**TASK BRIEF:** Copy the data that follows, character for character, minus the pictures.

[Scraped caption text data]
********

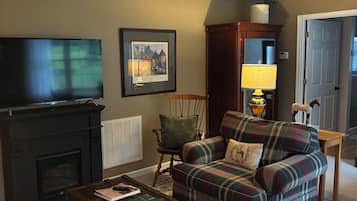 Smart TV, fireplace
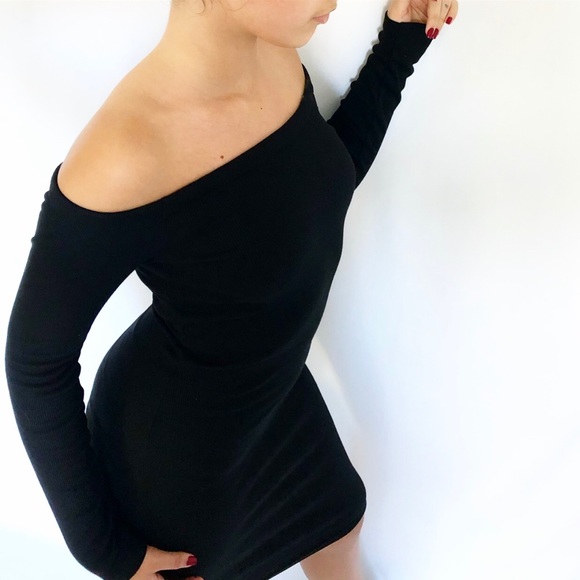 Brand New 🔥Black Off Shoulder Bodycon Dress 👗 - Picture 2 of 6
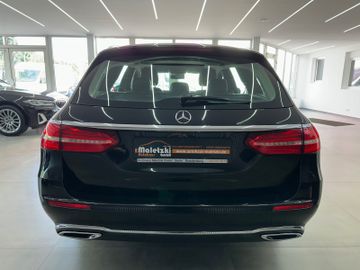 Mercedes E 220 - 5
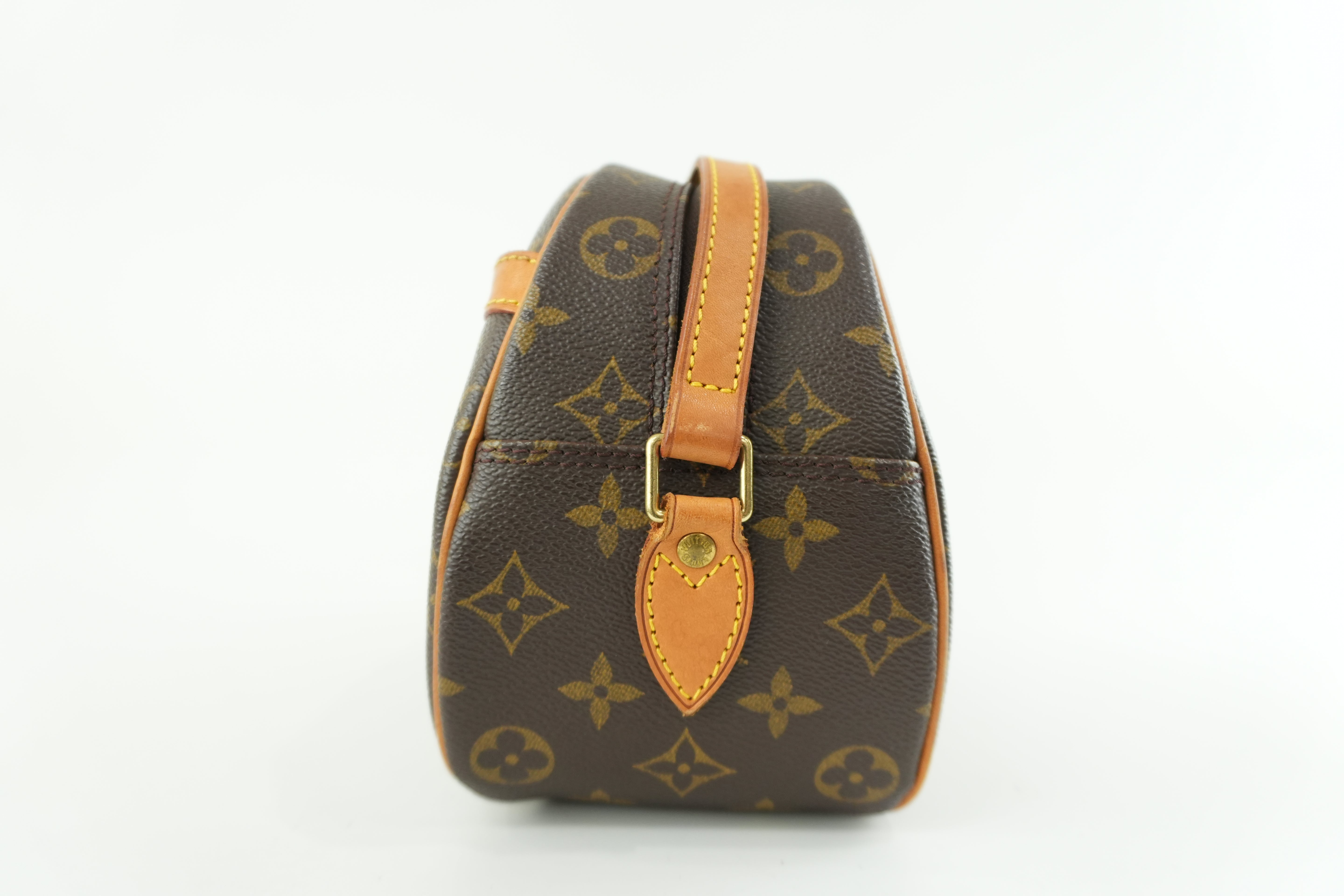 Pre-owned Louis Vuitton Monogram Blois Shoulder Bag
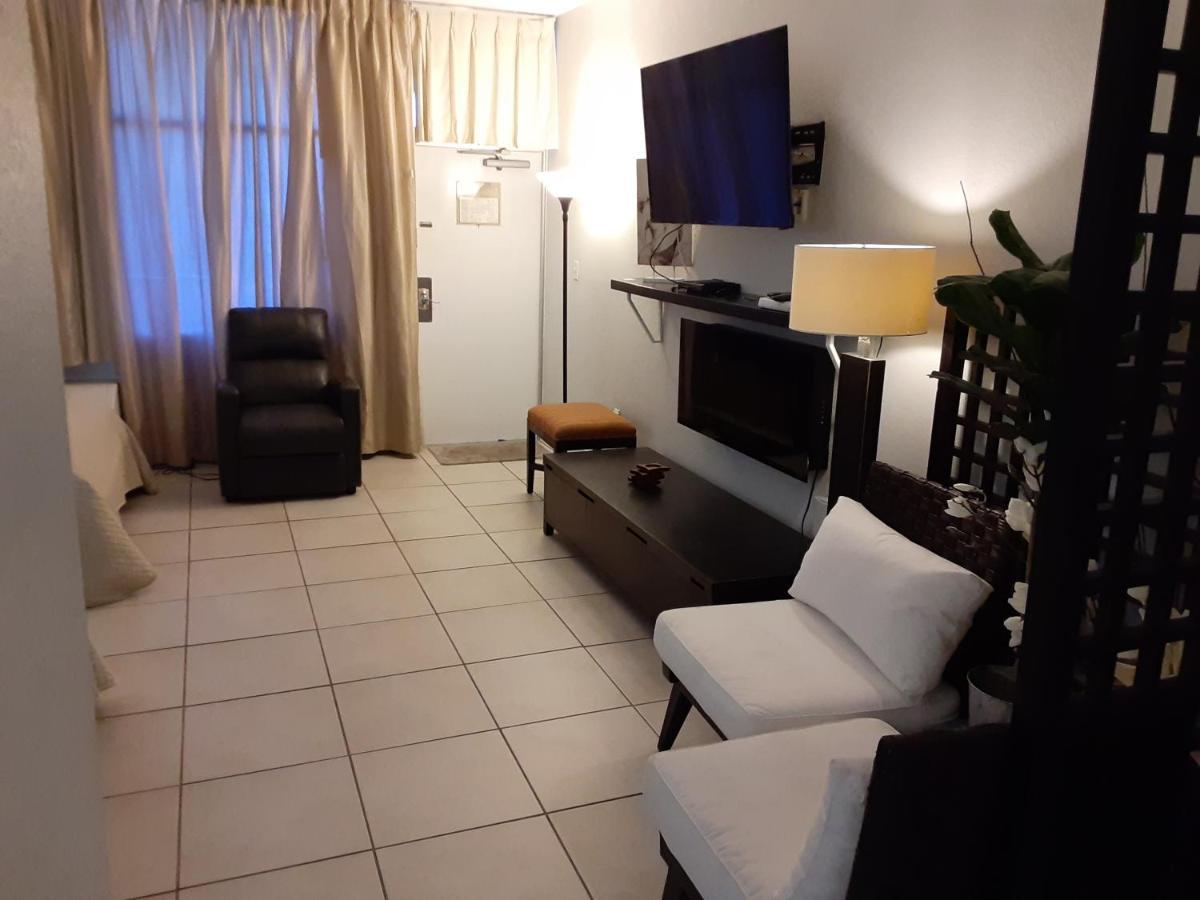 Riverview, Studio 507, Beach Steps Away!+Pool+Wifi Ruskin Bagian luar foto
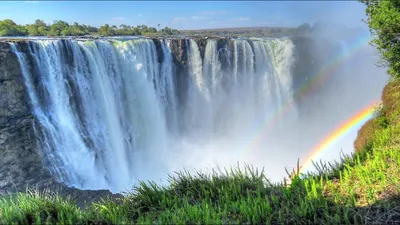 Фото красивого водопада мира в формате JPG в высоком разрешении для скачивания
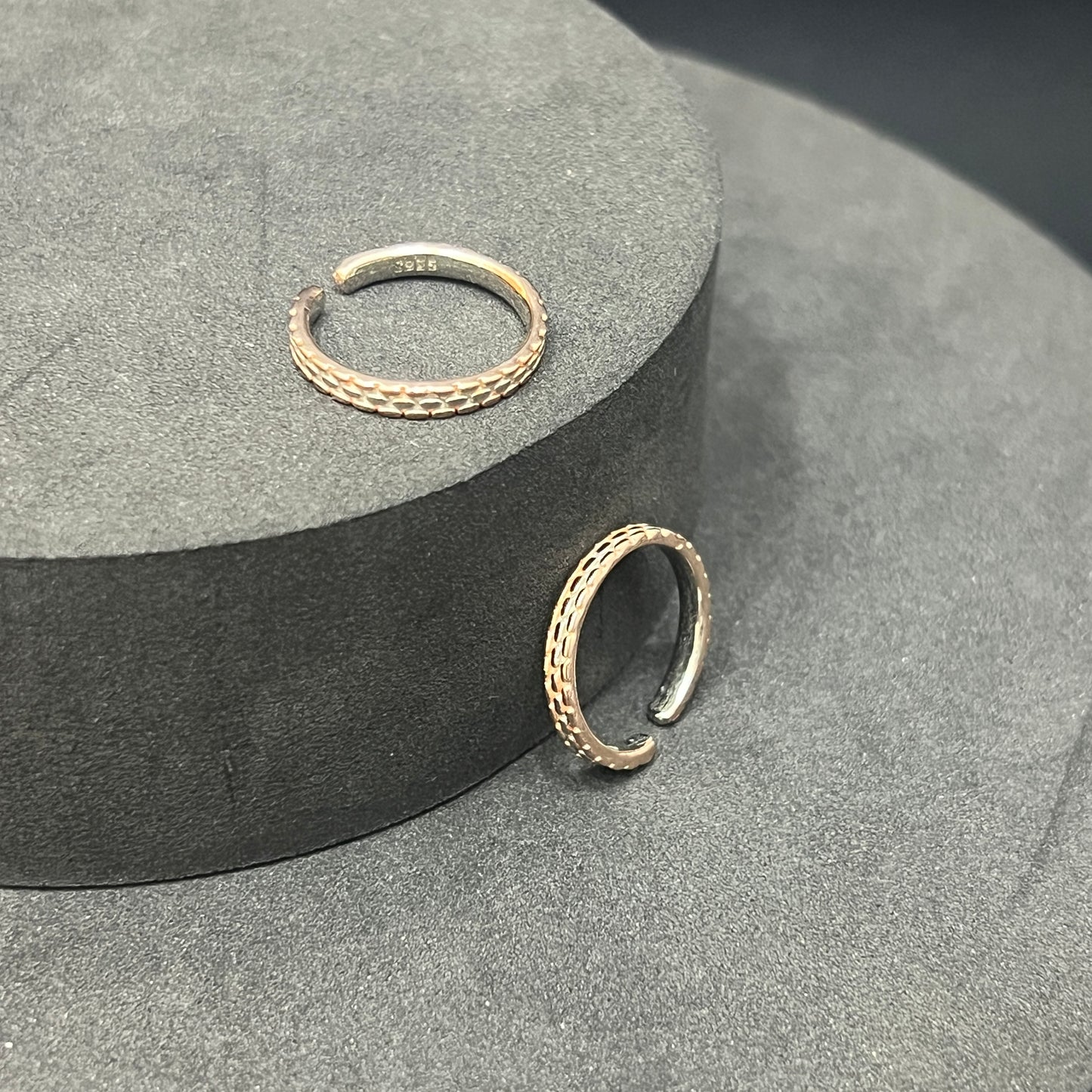 Ladies Toe Rings Two Tone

********

**WRITTEN SOLUTION:**
 Smart TV, fireplace
 Brand New 🔥Black Off Shoulder Bodycon Dress 👗 - Picture 2 of 6
 Mercedes E 220 - 5
 Pre-owned Louis Vuitton Monogram Blois Shoulder Bag
 Riverview, Studio 507, Beach Steps Away!+Pool+Wifi Ruskin Bagian luar foto
 Фото красивого водопада мира в формате JPG в высоком разрешении для скачивания
 Ladies Toe Rings Two Tone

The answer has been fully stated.